How you turned this into the whole article being about Microsoft suing people, I can only imagine.

Re:Microsoft suing users? (0)

Anonymous Coward | more than 7 years ago | (#17875048)

The Slashdot blurb says, "the new EULA in Vista and even the MySpace user agreement could put users at risk of being sued." Which is just plain stupid. You're always at risk of being sued the text of a EULA doesn't change that. The question is could you be held liable (aka lose).

Re:Microsoft suing users? (2, Funny)

DarkOx (621550) | more than 7 years ago | (#17873568)

It's kinda of the reverse of the old line about STDs.

"remember you are having sex with everyone they have ever been with"

In this case its

"remember you are trusting every future owner of the ip"

Re:Microsoft suing users? (1)

MikeBabcock (65886) | more than 7 years ago | (#17873586)

That would never happen ... (SCO + Caldera anyone? [groklaw.net] )

Re:Microsoft suing users? (1)

vbato (415142) | more than 7 years ago | (#17873358)

You haven't read the article, have you? (I know, I know, this is Slashdot)

He wasn't talking about Microsoft, he was talking about the equivalent of patent trolls. He was talking about being sued by someone who buys a failed company with whom you have such an agreement.

Re:Microsoft suing users? (0)

Anonymous Coward | more than 7 years ago | (#17874096)

No two people have ever read the same article / book , etc.

Re:Microsoft suing users? (4, Interesting)

MaggieL (10193) | more than 7 years ago | (#17873372)
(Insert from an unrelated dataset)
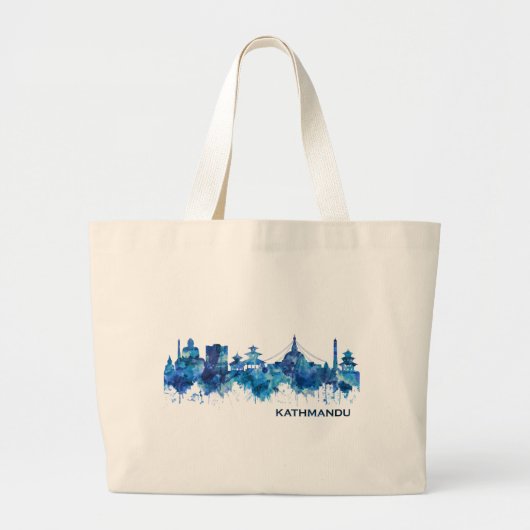 Kathmandu Nepal Skyline Blue Grote Tote Bag (Voorkant)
I can't imagine Microsoft suing a customer over some small print in the EULA. That's just dumb.

Then why is it there?

I hope you don't agree to a lot of contracts relying on a belief that they won't be enforced because "it's just dumb".

This latest corporate fad for retaining a claim to sue while offering a soothing "pledge" not to under vague, unenforceable conditions is lame in the extreme.

Re:Microsoft suing users? (1)

DogDude (805747) | more than 7 years ago | (#17873458)

Then why is it there?

You haven't spent much time working with lawyers, have you? It's just a CYA.

Re:Microsoft suing users? (1)

localman (111171) | more than 7 years ago | (#17873620)

Then why is it there?

The general motivation is to protect the company from lawsuits. There is the idea that the company has a lot of money and the user doesn't, and so this makes it possible for users to sue the company for mistakes without the company having any recourse. So by having these EULAs they can prevent frivolous lawsuits. Fair or not, that's the motivation.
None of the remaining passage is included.